WORK INSTRUCTIONS: Please transcribe the data that follows without the pictures, keeping every word the same.

PROVIDED DATA:

____

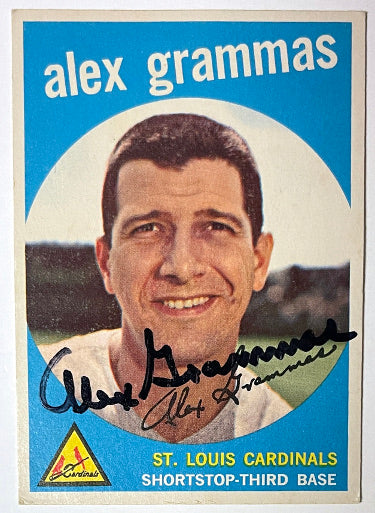 Alex Grammas Autographed 1959 Topps On Card Auto #6- COA (St. Louis Cardinals)-Powers Sports Memorabilia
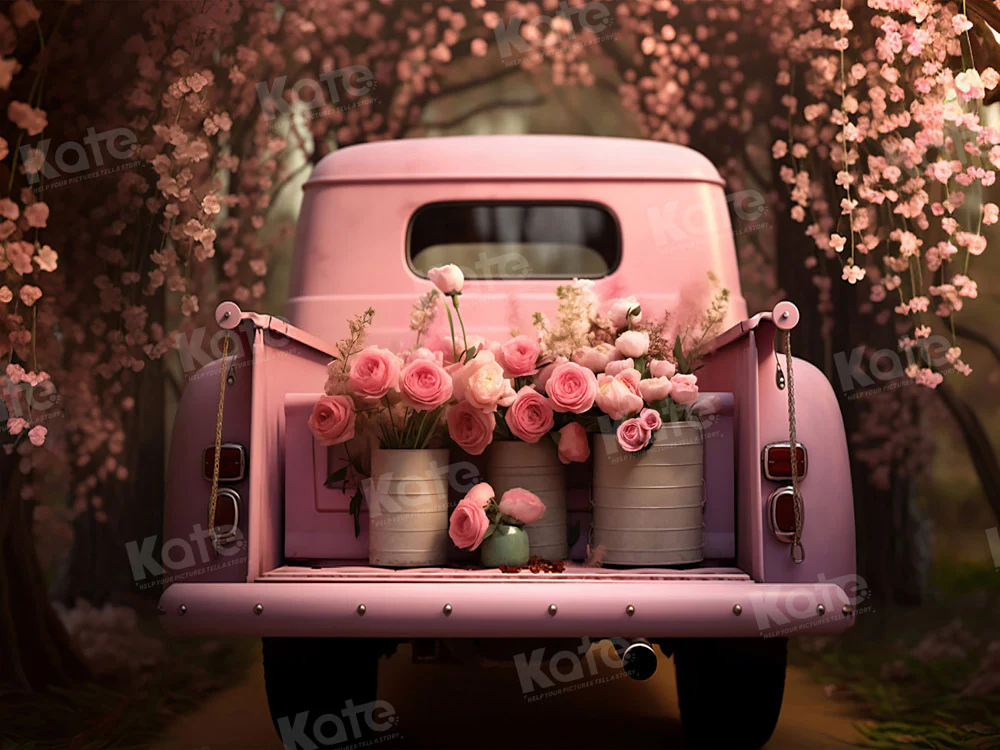 Kate Valentine's Day Pink Flowers Truck Backdrop Designed by Chain Photography - Image 8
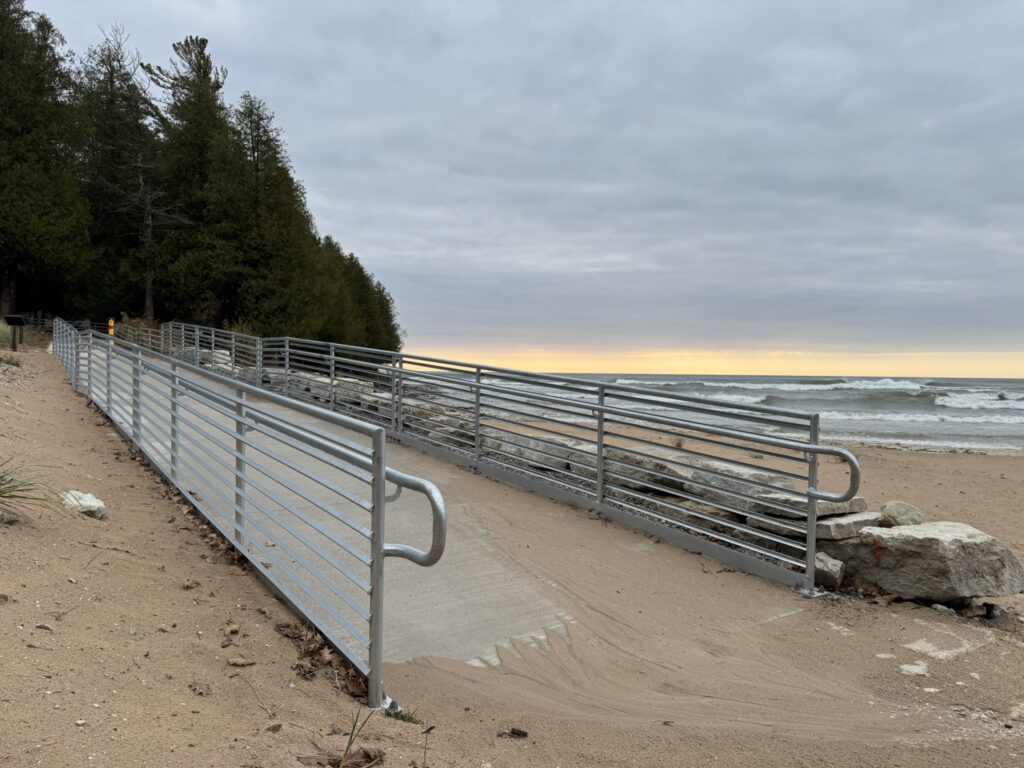 ADA beach railings at Whitefish Dunes State Park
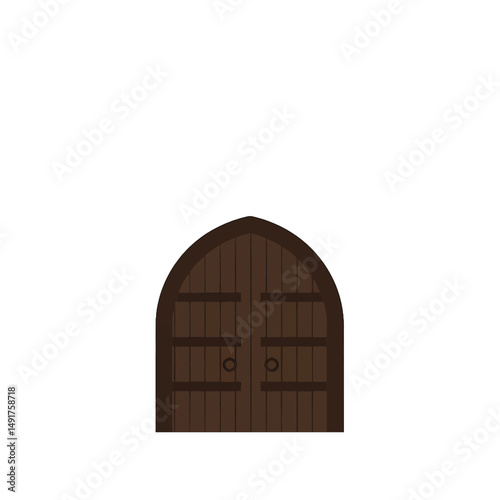 Dark Wooden Archway Door Illustration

____

SOLUTION:
 Alex Grammas Autographed 1959 Topps On Card Auto #6- COA (St. Louis Cardinals)-Powers Sports Memorabilia
 Kate Valentine's Day Pink Flowers Truck Backdrop Designed by Chain Photography - Image 8
 ADA beach railings at Whitefish Dunes State Park
 Dark Wooden Archway Door Illustration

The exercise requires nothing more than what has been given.